* _Required action_
Copy out each line from the start of the material below until the line with "Vivaldi, Venedik, Violin", that line included.
◇ ◇ ◇ ◇ ◇ ◇ ◇
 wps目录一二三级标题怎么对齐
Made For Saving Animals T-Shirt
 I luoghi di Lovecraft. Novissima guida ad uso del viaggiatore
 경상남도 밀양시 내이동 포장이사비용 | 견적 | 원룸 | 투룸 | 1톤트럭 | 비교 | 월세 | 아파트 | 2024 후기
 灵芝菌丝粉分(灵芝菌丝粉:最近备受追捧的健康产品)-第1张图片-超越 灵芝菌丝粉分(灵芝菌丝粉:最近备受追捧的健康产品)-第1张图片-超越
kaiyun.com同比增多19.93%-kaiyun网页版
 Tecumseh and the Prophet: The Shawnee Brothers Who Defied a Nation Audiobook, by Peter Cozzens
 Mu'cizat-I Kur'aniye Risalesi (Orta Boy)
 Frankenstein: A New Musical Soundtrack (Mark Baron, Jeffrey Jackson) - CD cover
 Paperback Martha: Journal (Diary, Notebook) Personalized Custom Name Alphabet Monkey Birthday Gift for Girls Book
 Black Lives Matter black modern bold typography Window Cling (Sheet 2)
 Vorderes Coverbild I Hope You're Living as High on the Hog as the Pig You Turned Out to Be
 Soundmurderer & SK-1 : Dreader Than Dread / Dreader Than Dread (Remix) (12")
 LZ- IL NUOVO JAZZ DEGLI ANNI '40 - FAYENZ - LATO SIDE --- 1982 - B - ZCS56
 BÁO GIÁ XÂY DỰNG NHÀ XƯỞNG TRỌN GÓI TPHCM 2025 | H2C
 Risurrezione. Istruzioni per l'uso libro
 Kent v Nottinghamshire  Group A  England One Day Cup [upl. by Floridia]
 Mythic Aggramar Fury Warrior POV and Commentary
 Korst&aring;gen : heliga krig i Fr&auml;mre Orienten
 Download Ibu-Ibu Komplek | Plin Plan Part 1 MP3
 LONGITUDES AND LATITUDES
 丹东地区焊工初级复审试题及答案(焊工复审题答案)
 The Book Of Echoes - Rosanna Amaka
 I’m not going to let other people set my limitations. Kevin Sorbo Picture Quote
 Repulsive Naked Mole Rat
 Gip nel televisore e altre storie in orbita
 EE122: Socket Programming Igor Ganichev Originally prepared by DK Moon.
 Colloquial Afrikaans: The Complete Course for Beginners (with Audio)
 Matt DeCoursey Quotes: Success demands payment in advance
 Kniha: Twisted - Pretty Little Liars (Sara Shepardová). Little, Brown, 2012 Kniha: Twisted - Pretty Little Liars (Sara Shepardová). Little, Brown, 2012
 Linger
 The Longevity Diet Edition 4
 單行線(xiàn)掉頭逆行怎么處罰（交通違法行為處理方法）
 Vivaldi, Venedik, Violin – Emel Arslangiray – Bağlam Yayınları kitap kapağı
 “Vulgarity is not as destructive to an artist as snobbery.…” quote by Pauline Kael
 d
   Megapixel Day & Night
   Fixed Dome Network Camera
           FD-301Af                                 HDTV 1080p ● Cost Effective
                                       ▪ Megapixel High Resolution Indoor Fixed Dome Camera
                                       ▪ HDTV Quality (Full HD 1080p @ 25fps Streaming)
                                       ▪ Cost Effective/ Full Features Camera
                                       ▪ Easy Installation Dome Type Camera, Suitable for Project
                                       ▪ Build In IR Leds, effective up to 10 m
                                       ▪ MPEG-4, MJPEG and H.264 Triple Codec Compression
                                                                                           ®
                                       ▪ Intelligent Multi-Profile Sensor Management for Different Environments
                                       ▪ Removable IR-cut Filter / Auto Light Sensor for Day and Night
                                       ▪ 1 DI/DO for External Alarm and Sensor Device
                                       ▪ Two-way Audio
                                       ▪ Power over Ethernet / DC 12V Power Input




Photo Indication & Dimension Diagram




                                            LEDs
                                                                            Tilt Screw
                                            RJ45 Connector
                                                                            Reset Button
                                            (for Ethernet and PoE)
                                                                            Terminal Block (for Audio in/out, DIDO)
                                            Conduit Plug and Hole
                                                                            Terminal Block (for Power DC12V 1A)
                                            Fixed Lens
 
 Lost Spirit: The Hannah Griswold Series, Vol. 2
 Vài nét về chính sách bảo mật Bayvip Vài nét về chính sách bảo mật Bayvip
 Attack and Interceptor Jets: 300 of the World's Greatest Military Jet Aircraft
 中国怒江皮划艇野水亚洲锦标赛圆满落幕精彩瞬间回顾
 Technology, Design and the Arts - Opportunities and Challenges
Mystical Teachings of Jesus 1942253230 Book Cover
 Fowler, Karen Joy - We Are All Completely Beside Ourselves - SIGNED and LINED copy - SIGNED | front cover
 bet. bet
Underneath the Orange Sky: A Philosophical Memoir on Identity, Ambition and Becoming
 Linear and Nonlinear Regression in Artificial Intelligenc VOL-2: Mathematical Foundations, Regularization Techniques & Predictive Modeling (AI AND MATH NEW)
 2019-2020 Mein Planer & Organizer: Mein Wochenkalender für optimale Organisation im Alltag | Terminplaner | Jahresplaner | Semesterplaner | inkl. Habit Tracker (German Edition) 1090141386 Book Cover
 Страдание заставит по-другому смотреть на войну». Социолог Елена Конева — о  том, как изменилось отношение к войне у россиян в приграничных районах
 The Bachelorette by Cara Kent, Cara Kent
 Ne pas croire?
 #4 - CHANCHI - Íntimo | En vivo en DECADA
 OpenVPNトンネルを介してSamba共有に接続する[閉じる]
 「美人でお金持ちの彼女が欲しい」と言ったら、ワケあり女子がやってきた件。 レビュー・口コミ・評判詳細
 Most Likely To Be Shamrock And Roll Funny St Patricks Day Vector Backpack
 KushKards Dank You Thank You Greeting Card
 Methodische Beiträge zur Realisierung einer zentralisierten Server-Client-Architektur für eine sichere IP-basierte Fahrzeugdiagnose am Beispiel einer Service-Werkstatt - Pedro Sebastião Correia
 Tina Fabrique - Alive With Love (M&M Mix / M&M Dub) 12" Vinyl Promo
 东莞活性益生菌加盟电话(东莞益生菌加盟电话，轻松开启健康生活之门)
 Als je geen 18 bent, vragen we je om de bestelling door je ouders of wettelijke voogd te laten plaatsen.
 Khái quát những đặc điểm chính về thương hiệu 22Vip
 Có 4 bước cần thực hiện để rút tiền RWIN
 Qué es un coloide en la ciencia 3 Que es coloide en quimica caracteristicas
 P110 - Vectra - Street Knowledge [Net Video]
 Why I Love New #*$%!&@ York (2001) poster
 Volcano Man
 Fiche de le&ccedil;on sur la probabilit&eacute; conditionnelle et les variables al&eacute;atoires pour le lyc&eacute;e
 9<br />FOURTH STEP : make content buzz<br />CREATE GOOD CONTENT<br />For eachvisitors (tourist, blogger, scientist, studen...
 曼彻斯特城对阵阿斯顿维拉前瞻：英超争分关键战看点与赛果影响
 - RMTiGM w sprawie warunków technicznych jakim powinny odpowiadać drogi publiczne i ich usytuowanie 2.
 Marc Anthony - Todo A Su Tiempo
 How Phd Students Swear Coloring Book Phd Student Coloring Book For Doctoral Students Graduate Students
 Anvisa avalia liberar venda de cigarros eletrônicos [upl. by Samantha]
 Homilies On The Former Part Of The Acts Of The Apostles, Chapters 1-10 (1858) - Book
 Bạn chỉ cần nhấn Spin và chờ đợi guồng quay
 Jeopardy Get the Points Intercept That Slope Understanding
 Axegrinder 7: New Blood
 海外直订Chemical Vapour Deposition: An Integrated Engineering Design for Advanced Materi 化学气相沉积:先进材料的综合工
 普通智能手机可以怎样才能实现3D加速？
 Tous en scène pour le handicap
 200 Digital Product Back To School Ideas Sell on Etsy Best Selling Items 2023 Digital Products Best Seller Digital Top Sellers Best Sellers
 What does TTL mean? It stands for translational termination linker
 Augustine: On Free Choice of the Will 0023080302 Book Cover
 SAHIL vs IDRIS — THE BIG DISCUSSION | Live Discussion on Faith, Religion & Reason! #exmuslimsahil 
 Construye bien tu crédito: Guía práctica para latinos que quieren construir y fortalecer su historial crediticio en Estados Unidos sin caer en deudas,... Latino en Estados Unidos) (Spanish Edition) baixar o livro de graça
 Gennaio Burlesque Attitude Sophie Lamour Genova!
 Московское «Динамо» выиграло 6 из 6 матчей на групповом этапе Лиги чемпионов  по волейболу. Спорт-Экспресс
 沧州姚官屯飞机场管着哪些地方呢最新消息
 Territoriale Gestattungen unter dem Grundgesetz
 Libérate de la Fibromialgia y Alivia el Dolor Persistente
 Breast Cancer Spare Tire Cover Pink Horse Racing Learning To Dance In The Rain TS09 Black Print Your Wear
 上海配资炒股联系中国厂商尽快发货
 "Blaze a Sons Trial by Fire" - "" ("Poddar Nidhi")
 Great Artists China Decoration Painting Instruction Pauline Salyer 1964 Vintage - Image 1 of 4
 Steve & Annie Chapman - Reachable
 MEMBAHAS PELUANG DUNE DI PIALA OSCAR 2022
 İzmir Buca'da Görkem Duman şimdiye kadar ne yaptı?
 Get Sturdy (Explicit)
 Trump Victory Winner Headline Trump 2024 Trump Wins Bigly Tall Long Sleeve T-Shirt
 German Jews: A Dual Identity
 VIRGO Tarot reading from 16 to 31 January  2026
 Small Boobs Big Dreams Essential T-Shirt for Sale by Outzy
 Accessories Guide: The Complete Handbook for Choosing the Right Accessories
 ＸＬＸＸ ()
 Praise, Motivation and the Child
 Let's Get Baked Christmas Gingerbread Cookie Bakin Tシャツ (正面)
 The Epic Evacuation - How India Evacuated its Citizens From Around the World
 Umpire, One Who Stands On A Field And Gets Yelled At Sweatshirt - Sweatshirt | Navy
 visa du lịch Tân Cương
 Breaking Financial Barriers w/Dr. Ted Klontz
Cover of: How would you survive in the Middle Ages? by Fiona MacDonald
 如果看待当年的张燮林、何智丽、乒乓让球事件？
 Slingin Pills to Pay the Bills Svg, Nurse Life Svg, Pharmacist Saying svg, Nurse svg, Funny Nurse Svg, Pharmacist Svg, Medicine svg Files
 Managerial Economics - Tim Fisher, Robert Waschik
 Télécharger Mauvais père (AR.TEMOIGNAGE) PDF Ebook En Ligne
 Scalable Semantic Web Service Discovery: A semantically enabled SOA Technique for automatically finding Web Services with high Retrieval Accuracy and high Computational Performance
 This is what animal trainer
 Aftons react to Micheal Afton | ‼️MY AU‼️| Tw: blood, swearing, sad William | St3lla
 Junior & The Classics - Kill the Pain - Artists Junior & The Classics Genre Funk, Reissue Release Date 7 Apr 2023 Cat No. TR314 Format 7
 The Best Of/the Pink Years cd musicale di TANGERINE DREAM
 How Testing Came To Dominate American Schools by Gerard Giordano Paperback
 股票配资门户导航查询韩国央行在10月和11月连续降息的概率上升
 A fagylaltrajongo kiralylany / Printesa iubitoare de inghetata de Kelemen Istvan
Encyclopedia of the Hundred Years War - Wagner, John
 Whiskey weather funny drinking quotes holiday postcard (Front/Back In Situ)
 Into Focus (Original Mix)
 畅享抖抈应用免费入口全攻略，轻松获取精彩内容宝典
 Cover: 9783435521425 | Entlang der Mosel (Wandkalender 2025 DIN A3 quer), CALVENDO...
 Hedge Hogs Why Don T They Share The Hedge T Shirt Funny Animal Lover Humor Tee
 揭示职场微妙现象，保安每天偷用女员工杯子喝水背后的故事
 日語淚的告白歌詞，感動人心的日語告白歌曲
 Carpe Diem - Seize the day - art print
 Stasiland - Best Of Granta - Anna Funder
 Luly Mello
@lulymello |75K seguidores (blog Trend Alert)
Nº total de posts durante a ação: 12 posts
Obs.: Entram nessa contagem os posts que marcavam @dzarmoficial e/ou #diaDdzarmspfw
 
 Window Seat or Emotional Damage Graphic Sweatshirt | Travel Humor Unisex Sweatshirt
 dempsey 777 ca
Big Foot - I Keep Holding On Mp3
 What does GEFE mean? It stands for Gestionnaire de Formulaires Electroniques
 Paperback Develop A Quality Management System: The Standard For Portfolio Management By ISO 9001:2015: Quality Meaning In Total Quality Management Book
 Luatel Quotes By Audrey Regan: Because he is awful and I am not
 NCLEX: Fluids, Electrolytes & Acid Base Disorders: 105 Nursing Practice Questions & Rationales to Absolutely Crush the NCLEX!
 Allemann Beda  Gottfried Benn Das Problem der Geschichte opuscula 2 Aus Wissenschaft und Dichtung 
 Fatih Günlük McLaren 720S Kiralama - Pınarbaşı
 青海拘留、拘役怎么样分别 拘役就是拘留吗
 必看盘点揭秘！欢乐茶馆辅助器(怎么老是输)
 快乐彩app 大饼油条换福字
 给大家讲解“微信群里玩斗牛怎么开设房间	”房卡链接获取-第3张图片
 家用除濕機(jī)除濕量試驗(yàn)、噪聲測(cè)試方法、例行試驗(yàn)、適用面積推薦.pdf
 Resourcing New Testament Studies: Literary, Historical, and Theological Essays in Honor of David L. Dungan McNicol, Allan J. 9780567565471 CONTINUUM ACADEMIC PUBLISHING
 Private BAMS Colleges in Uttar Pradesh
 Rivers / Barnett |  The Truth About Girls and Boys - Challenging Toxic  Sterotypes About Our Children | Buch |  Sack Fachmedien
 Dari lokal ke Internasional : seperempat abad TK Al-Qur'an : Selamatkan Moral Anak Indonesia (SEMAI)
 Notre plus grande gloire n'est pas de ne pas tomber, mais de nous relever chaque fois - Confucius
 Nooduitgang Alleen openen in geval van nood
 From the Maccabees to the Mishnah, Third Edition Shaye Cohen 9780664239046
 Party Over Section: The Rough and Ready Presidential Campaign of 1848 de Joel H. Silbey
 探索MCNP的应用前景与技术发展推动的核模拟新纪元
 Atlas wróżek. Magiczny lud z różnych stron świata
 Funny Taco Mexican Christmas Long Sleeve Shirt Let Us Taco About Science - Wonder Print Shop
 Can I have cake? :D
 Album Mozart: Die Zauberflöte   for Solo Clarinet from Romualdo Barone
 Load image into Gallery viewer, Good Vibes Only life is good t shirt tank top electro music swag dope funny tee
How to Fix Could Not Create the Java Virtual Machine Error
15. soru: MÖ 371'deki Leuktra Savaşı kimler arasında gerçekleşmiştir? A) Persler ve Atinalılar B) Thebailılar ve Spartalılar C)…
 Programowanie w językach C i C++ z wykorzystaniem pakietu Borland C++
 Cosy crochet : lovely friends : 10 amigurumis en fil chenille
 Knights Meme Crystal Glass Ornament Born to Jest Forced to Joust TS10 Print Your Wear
◇ ◇ ◇ ◇ ◇ ◇ ◇
* _Response for this exercise_
 wps目录一二三级标题怎么对齐
Made For Saving Animals T-Shirt
 I luoghi di Lovecraft. Novissima guida ad uso del viaggiatore
 경상남도 밀양시 내이동 포장이사비용 | 견적 | 원룸 | 투룸 | 1톤트럭 | 비교 | 월세 | 아파트 | 2024 후기
 灵芝菌丝粉分(灵芝菌丝粉:最近备受追捧的健康产品)-第1张图片-超越 灵芝菌丝粉分(灵芝菌丝粉:最近备受追捧的健康产品)-第1张图片-超越
kaiyun.com同比增多19.93%-kaiyun网页版
 Tecumseh and the Prophet: The Shawnee Brothers Who Defied a Nation Audiobook, by Peter Cozzens
 Mu'cizat-I Kur'aniye Risalesi (Orta Boy)
 Frankenstein: A New Musical Soundtrack (Mark Baron, Jeffrey Jackson) - CD cover
 Paperback Martha: Journal (Diary, Notebook) Personalized Custom Name Alphabet Monkey Birthday Gift for Girls Book
 Black Lives Matter black modern bold typography Window Cling (Sheet 2)
 Vorderes Coverbild I Hope You're Living as High on the Hog as the Pig You Turned Out to Be
 Soundmurderer & SK-1 : Dreader Than Dread / Dreader Than Dread (Remix) (12")
 LZ- IL NUOVO JAZZ DEGLI ANNI '40 - FAYENZ - LATO SIDE --- 1982 - B - ZCS56
 BÁO GIÁ XÂY DỰNG NHÀ XƯỞNG TRỌN GÓI TPHCM 2025 | H2C
 Risurrezione. Istruzioni per l'uso libro
 Kent v Nottinghamshire  Group A  England One Day Cup [upl. by Floridia]
 Mythic Aggramar Fury Warrior POV and Commentary
 Korst&aring;gen : heliga krig i Fr&auml;mre Orienten
 Download Ibu-Ibu Komplek | Plin Plan Part 1 MP3
 LONGITUDES AND LATITUDES
 丹东地区焊工初级复审试题及答案(焊工复审题答案)
 The Book Of Echoes - Rosanna Amaka
 I’m not going to let other people set my limitations. Kevin Sorbo Picture Quote
 Repulsive Naked Mole Rat
 Gip nel televisore e altre storie in orbita
 EE122: Socket Programming Igor Ganichev Originally prepared by DK Moon.
 Colloquial Afrikaans: The Complete Course for Beginners (with Audio)
 Matt DeCoursey Quotes: Success demands payment in advance
 Kniha: Twisted - Pretty Little Liars (Sara Shepardová). Little, Brown, 2012 Kniha: Twisted - Pretty Little Liars (Sara Shepardová). Little, Brown, 2012
 Linger
 The Longevity Diet Edition 4
 單行線(xiàn)掉頭逆行怎么處罰（交通違法行為處理方法）
 Vivaldi, Venedik, Violin – Emel Arslangiray – Bağlam Yayınları kitap kapağı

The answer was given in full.